(TASK DESCRIPTION)
Your task is to output the listing word for word, with pictures excluded.

(DATASET RECORDS)

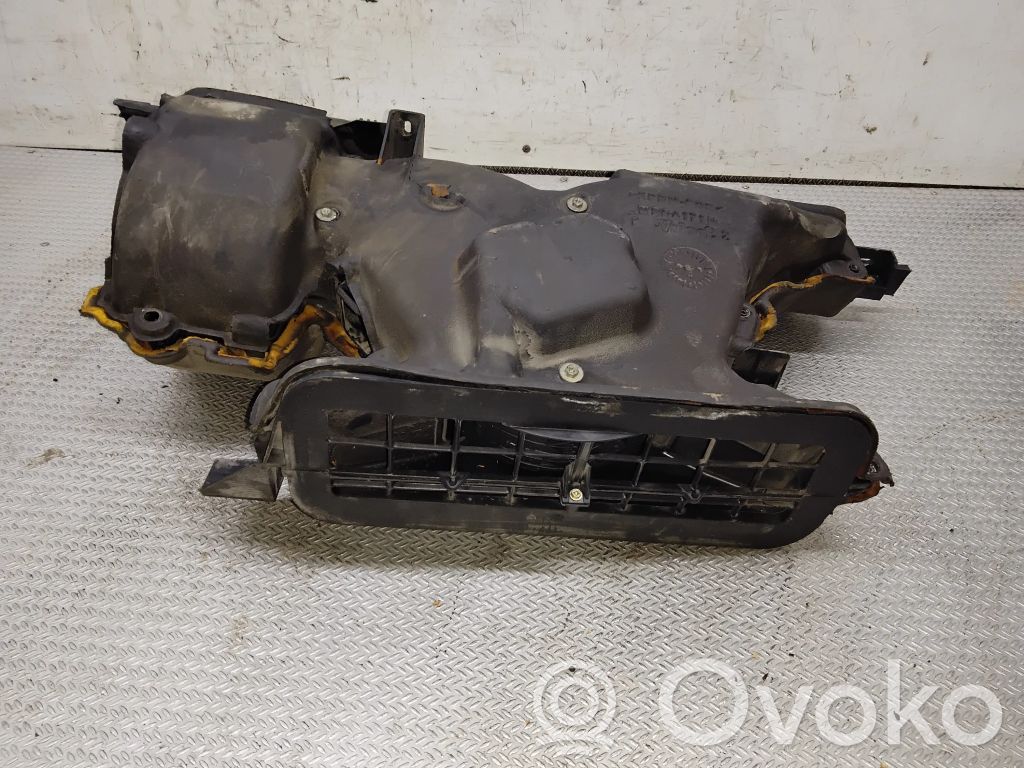 Nagrzewnica / Komplet   W964171M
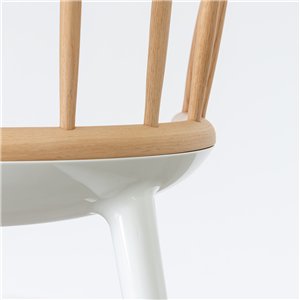 Silla Cyborg Stick Magis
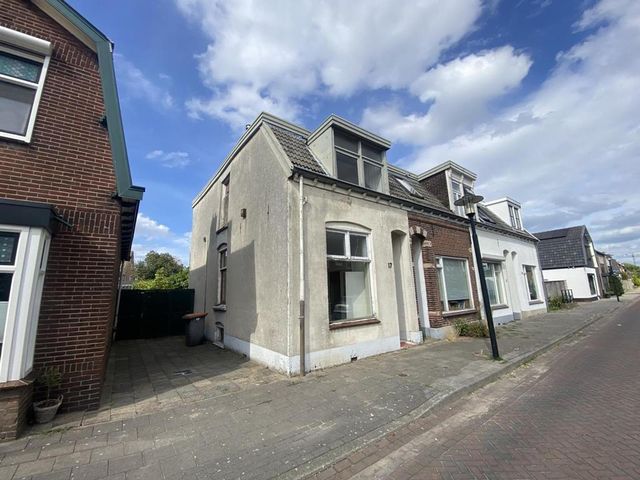 Rudolfstraat 17, Hengelo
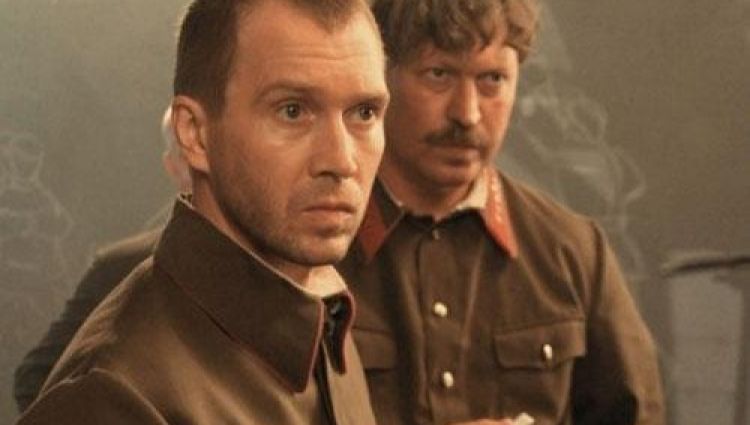 Эпизод из фильма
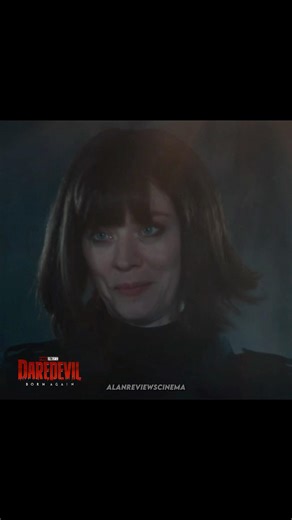 Never expected a Ben Urich mention in the big 2026 #daredevil #daredevilbornagain #marvel #mcu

(RESPONSE TO THIS EXERCISE)
 Nagrzewnica / Komplet   W964171M
 Silla Cyborg Stick Magis
 Rudolfstraat 17, Hengelo
 Эпизод из фильма
 Never expected a Ben Urich mention in the big 2026 #daredevil #daredevilbornagain #marvel #mcu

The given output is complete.